Study at CFL





CFL Interviews

Shlomo Argamon
March 2014

"A great deal of what is now done manually can be automated."

Shlomo Argamon is Professor of Computer Science and Director of the Linguistic Cognition Laboratory at the Illinois Institute of Technology. During a visit to CFL as part of Aston University's Distinguished Visitor scheme, he talked to Andrea Nini about his work in computational linguistics and authorship attribution.

Have you done any consultancy work as a forensic linguist?

A small amount. There were two cases that I was asked to consult on, but before I had gotten very far with any of the analysis the consultancy was called off for ancillary reasons.

Did you analyse these texts, nonetheless?

I only had completed partial analyses of the data before my involvement of the cases was called off.

How do you think the kind of analysis you made for those forensic case differs from other kinds of attribution analyses?

I come to forensic linguistics from the standpoint of computational linguistics so I research on how to build fully automated solutions that can perform the attribution task without human intervention. Obviously, when it comes to explaining results, and certainly when testifying, you need human interpretation. But the idea is to develop techniques that we can apply fully automatically, then measure their reliability rigorously, and then use them to get a clear idea of what's happening in an actual case.

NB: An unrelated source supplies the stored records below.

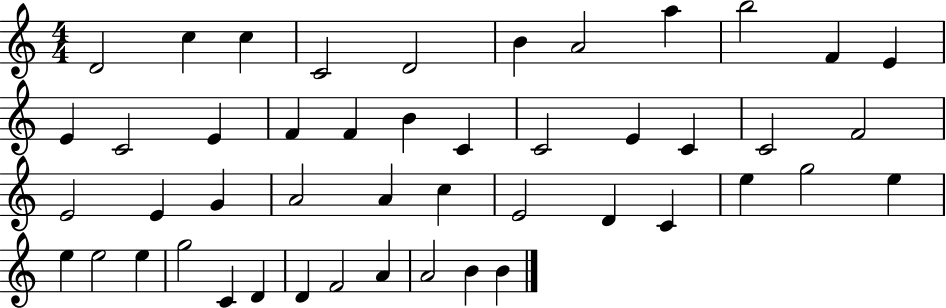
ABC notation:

X:1
T:Untitled
M:4/4
L:1/4
K:C
D2 c c C2 D2 B A2 a b2 F E E C2 E F F B C C2 E C C2 F2 E2 E G A2 A c E2 D C e g2 e e e2 e g2 C D D F2 A A2 B B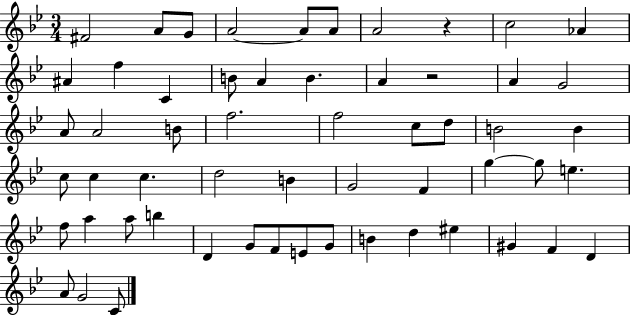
F#4/h A4/e G4/e A4/h A4/e A4/e A4/h R/q C5/h Ab4/q A#4/q F5/q C4/q B4/e A4/q B4/q. A4/q R/h A4/q G4/h A4/e A4/h B4/e F5/h. F5/h C5/e D5/e B4/h B4/q C5/e C5/q C5/q. D5/h B4/q G4/h F4/q G5/q G5/e E5/q. F5/e A5/q A5/e B5/q D4/q G4/e F4/e E4/e G4/e B4/q D5/q EIS5/q G#4/q F4/q D4/q A4/e G4/h C4/e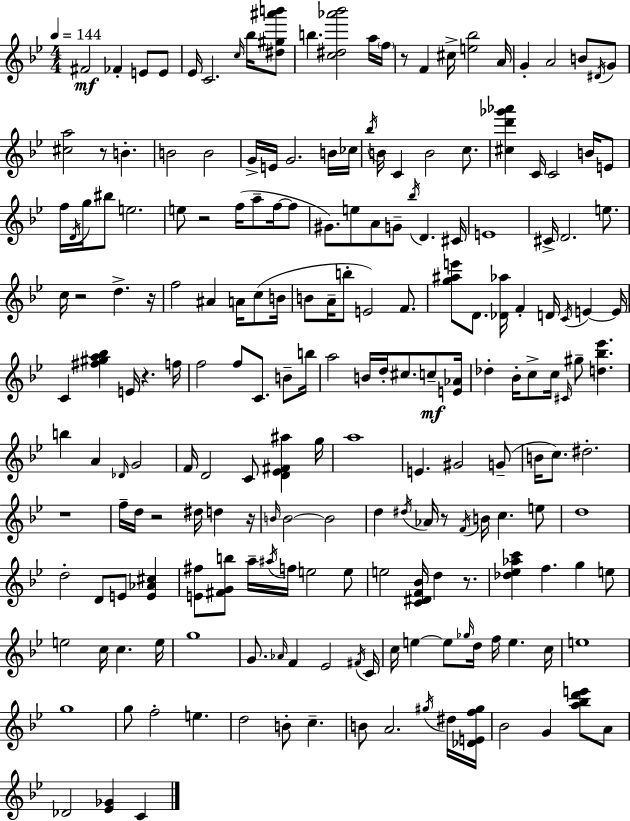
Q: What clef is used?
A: treble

Now, in our research we typically work with cases which are much easier for a number of reasons than a typical forensics case. Krzysztof Kredens says that he distinguishes between "authorship attribution" and "forensic authorship attribution." In most authorship attribution work done in historical or literary scholarship one has long and relatively clean texts in terms of grammatical structure and so forth, and one usually has quite a lot of data. You therefore have a lot of background data on your suspect, you have a lot of background data on other distractor or confusor authors to compare the suspect against, and the questioned text itself is often quite long. In such situations we can apply statistical techniques that rely on the fact that there is a lot of data. For example, you can get pretty good statistical estimates of the frequency that somebody uses nouns versus verbs or things like that, and such statistics usually characterise authorship fairly well.

By contrast, what I found in the forensic context, which was not really surprising, is that the data were much smaller so I couldn't directly rely on these kinds of statistical techniques. In addition, the texts were grammatically and orthographically, really in almost every way, ill-formed -- hence I couldn't rely on standard computer software that we use all the time to automatically parse the syntax of a sentence and assign the parts of speech. That wouldn't have worked well, because the texts were sufficiently ill-formed that it can't be done by using regular methods. So what I needed to look for were ways to extract useful lexical or even character-based features -- things like emoticons, abbreviations, use of numerals in place of syllables, and so forth.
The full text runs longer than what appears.